Por isso agora ele estava ali, na frente do espelho. Passava o aparelho de barbear do pai pelos dois lados da face. E se sentia ainda incapaz para o novo rosto que custaria a brotar.
Por isso estava ali, tentando raspar o buço, para que, como uma planta que renasce mais forte pela poda, a barba pudesse se instalar definitivamente e em seu semblante revelar um homem já completo. Ele era simplesmente assim.
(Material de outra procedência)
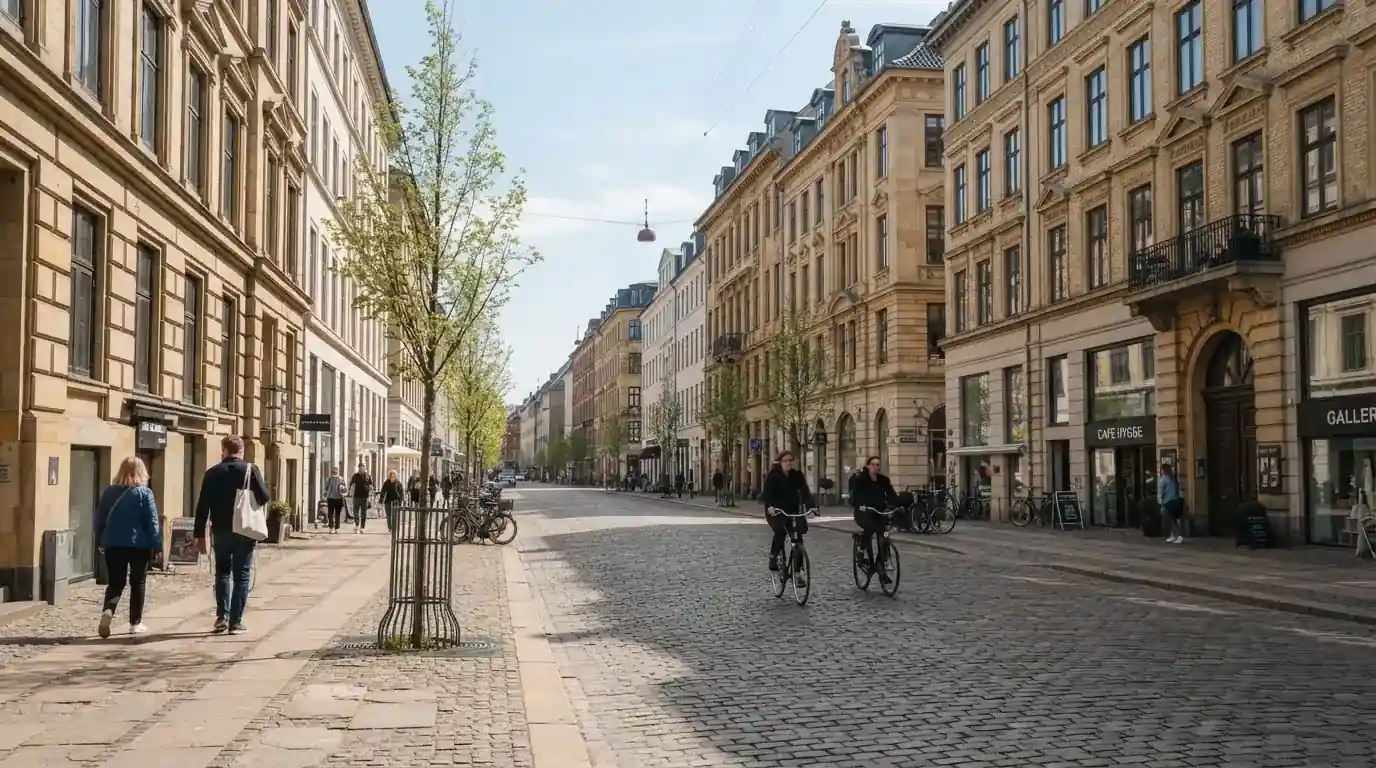 Københavnsk gade med klassiske sandstensbygninger og cyklister i klart vejr, set fra fortovet.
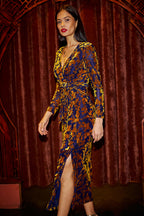 Yumi Navy Velour Stretch Midi Dress With Long Sleeves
E olhava-se no espelho como a pedir ao rosto que lhe mirava um socorro em surdina, até um empurrão quem sabe, pois ele, sem ajuda, era lento em demasia em extrair de si um futuro razoável, com barba, músculos, um beijo em certa mulher que ele conhecia desde sempre, um beijo na borda dos olhos, de onde as lágrimas lentas escorriam provavelmente de uma dor que só aos dois falava.
o Nervo Da Noite
Passou por uma ponte, por outra, e percebeu que já estava na hora de entrar em alguma coisa toda dele, uma casa em que o garoto fosse o único habitante, alguma coisa como um lar, sim, ainda improvisado, não importa, mas que lhe permitisse habitar as entranhas de um vazio, sem qualquer vício do passado, um zero, uma casa abandonada, quem sabe, com apenas alguns fantasmas, prontos para a companhia desse menino aqui, caminhando a esmo à procura de si. Ele agora de fato olhara uma casa toda abandonada, cada em que ele ia entrando pé ante pé, os passos sem fazer barulho, veludo levemente trêmulo, receoso de encontrar outra alma que tivesse razões para enfrentá-lo, deixando ao garoto o papel de grileiro a avançar por aquele espaço inóspito, para domesticá-lo e ali dormir e sonhar. O jovem via inscrições contorcidas nas paredes, palavras que não queriam dizer nada, qual a evocação de um tempo extraviado, já sem manancial para a memória.